Kim Stacks
Kim Stacks

Reputation: 10812

how to implement search for 2 different table data?

Using mysql and PHP

I am using MATCH AGAINST clauses already.

It is working fine against individual tables. Like if i want to search in shops table. No problem.

What i want is to be able to search and DISPLAY results from different tables in a single result page.

Eg if i type "chocolate clothes"

i may get 4 results as follows:

Shop1 result

ShopItem1 result

ShopItem2 result

Shop2 result

and of course the most relevant results should be ranked first.

i have quite a few questions. design wise as well as implementation wise

1) should i change my design? i am thinking of having a separate table called search results that will contain data from both SHOPS and SHOPPRODUCTS table. however that means i have some data duplication.

2) should i keep my current design? if so, then how on earth can i get the search results sorted by relevancy across 2 different tables?

i saw that rottentomatoes organised their search results in different groups. however, we prefer the search results not to be restricted by different types especially when we have paging that is going to be even more difficult to navigate UI wise.

http://www.rottentomatoes.com/search/full_search.php?search=girl

OR that is actually the best way out?

I hope that someone can give me guidance on this kind of thing esp if you have experience in generating search results across what would seem like multiple tables.

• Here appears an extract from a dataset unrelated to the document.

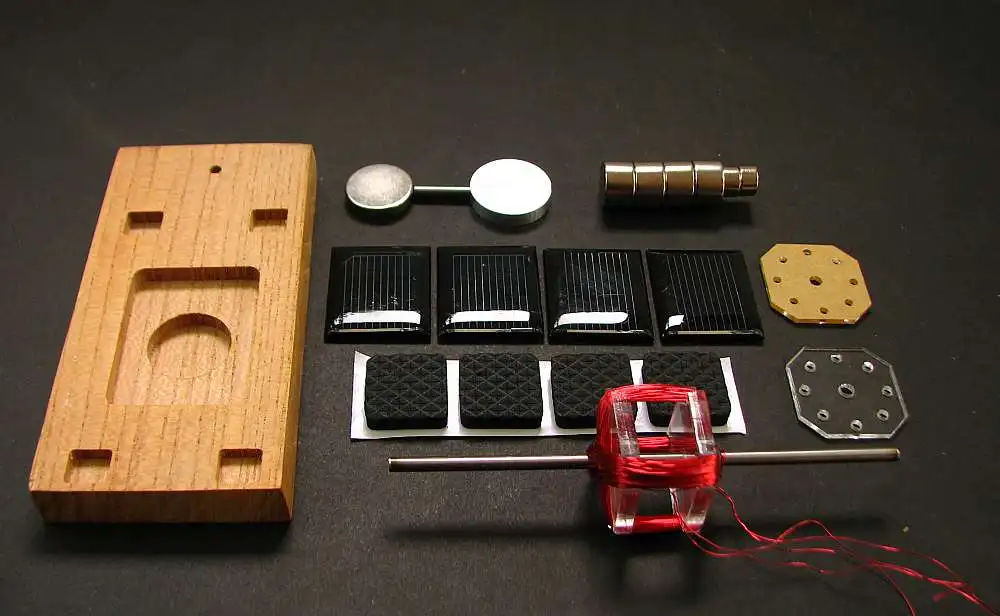 DIY двигатель мендочино набор магнитных левитационных моторов солнечный игрушки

since by demand, i will put the table structures here

CREATE TABLE `shopitems` (
  `id` int(10) unsigned NOT NULL auto_increment,
  `ShopID` int(10) unsigned NOT NULL,
  `ImageID` int(10) unsigned NOT NULL,
  `name` varchar(100) NOT NULL,
  `description` varchar(255) NOT NULL,
  `pricing` varchar(45) NOT NULL,
  `datetime_created` datetime NOT NULL,
  PRIMARY KEY  (`id`)
) ENGINE=MyISAM AUTO_INCREMENT=31 DEFAULT CHARSET=utf8;

/*Table structure for table `shops` */

DROP TABLE IF EXISTS `shops`;

CREATE TABLE `shops` (
  `id` int(11) NOT NULL auto_increment,
  `title` varchar(100) default NULL,
  `description` text,
  `keywords` text,
  `url` varchar(255) default '',

  `owner_id` varchar(255) default NULL,
  `datetime_created` datetime default NULL,
  `created_by` varchar(255) default NULL,
  `datetime_modified` datetime default NULL,
  `modified_by` varchar(255) default NULL,

  `overall_rating_avg` decimal(4,2) default '0.00',


  PRIMARY KEY  (`id`),
  FULLTEXT KEY `url` (`url`),
  FULLTEXT KEY `TitleDescFullText` (`keywords`,`title`,`description`,`url`)
) ENGINE=MyISAM AUTO_INCREMENT=3051 DEFAULT CHARSET=utf8;

i intend to search through the description and the name columns of the shopproducts table.

but as you can see it has not been implemented yet.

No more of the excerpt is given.